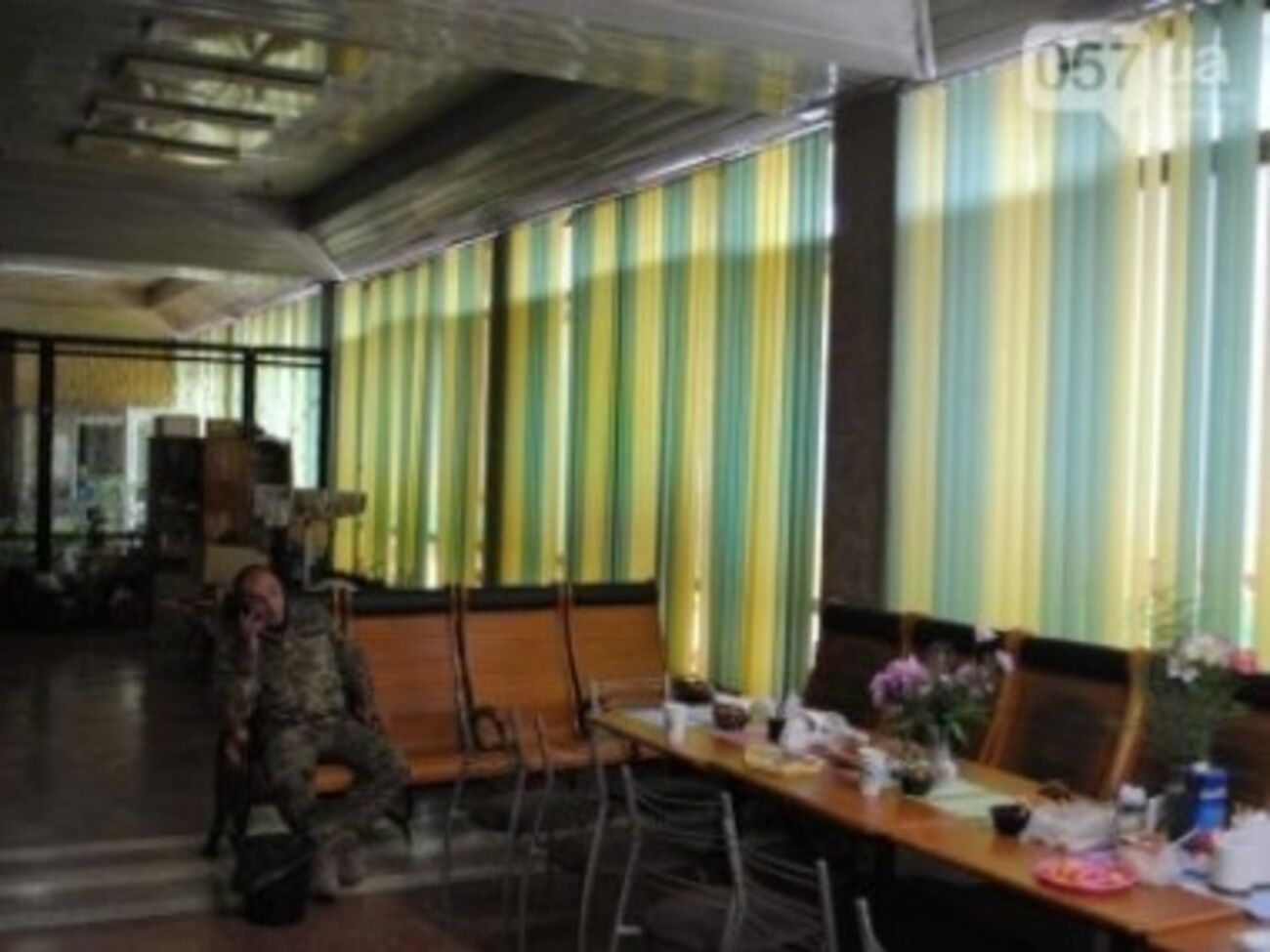 Бойцов "забыли" на вокзале в Харькове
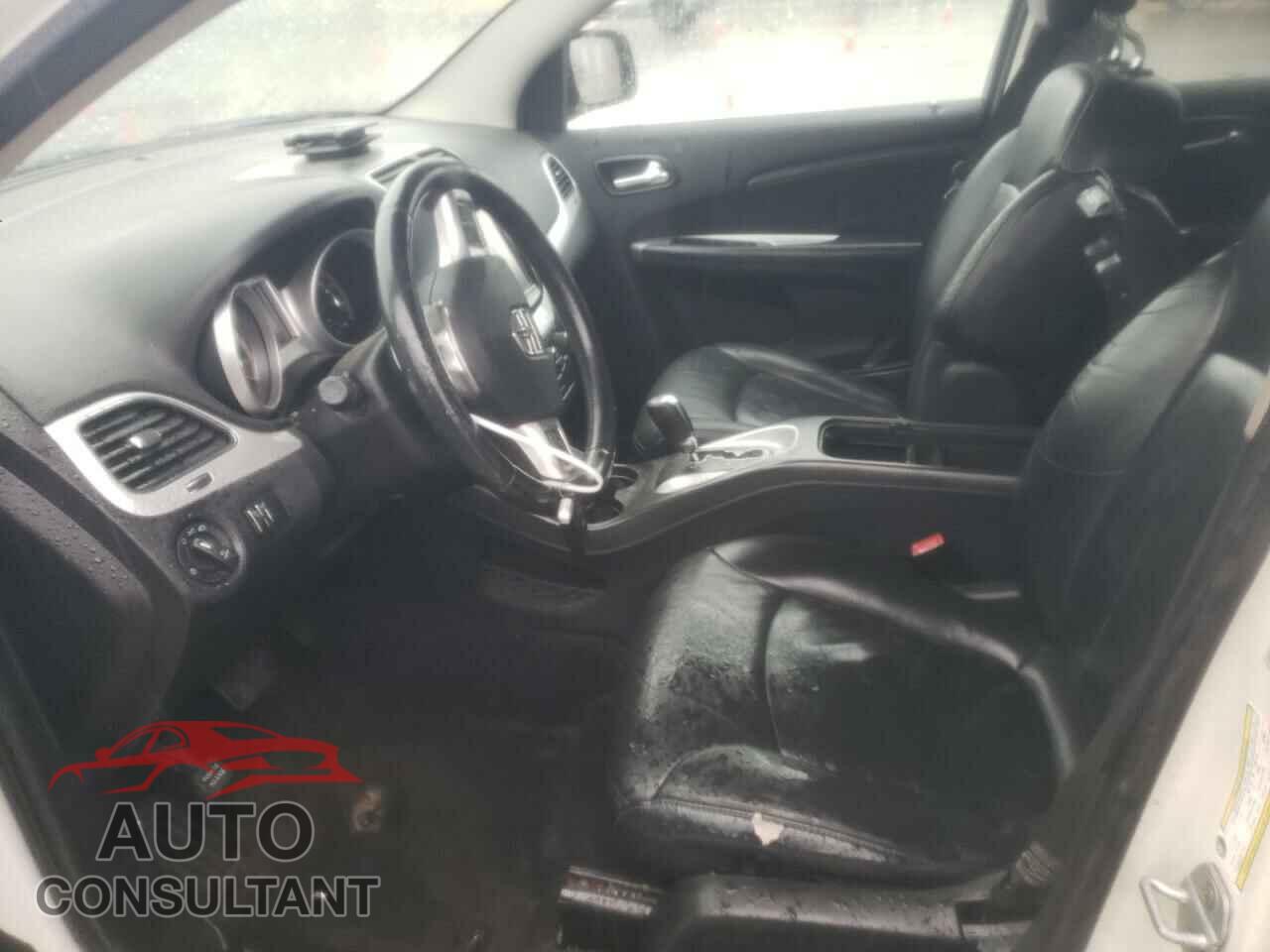 DODGE JOURNEY 2013 - 3C4PDCBG3DT687983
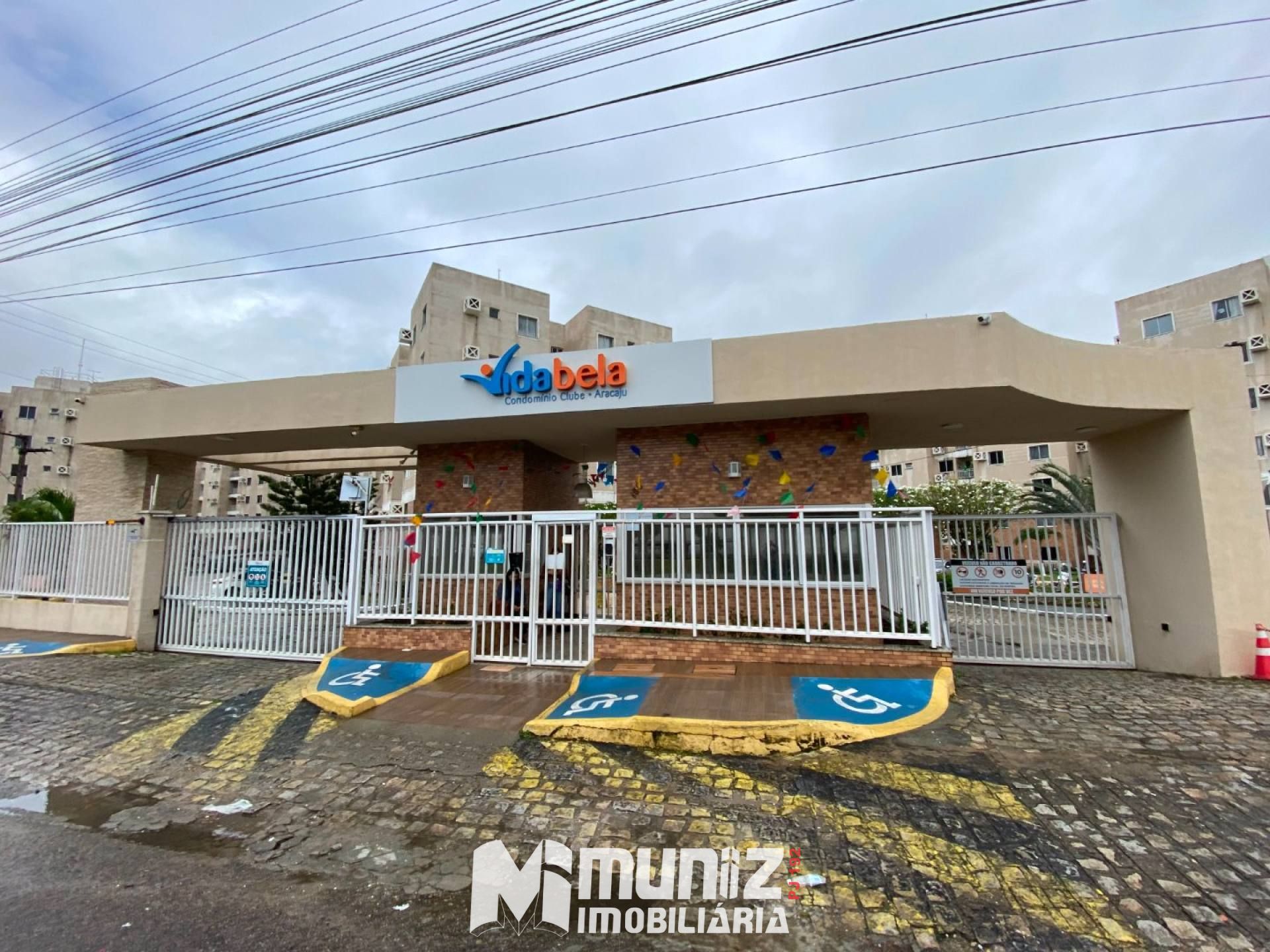 ALUGA-SE APTO NO COND. VIDA BELA ARACAJU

**Requirement**
Restate the data above word for word, omitting every picture.

**Exercise result**
 Бойцов "забыли" на вокзале в Харькове
 DODGE JOURNEY 2013 - 3C4PDCBG3DT687983
 ALUGA-SE APTO NO COND. VIDA BELA ARACAJU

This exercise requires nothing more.